MATERIAL PROVIDED:
################

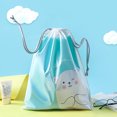 thumbnail image 2 of Waterproof Storage Bag for Home Travel Use Durable Drawstring Organizer Polar Bear Small, 2 of 2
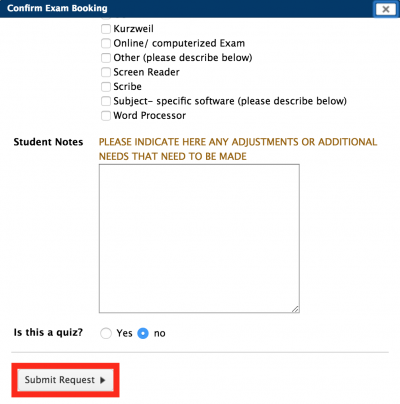 Submit Request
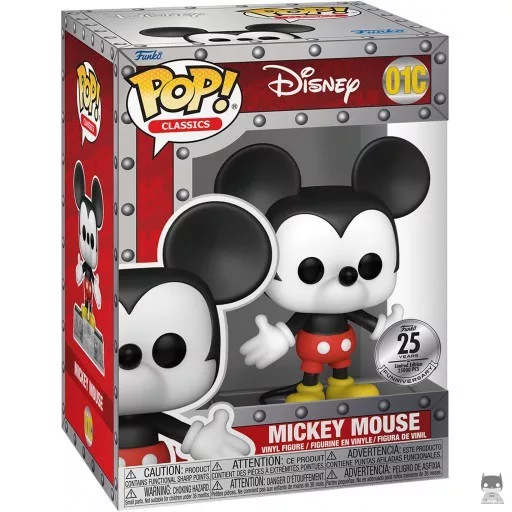 Figurine Funko POP Mickey Mouse (Célébration 25 Ans) (Pop! Vinyl)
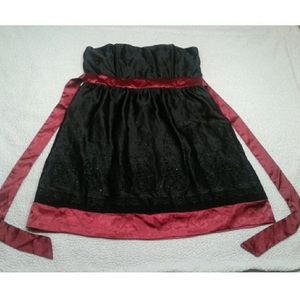 Krafty Dress color red and black plus sz 2XL.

################

WHAT THIS TASK INVOLVES: Repeat the line containing "Submit Request" and every line after it up to the end of the material above, exactly as they stand, minus the pictures.

RESPONSE AREA:
 Submit Request
 Figurine Funko POP Mickey Mouse (Célébration 25 Ans) (Pop! Vinyl)
 Krafty Dress color red and black plus sz 2XL.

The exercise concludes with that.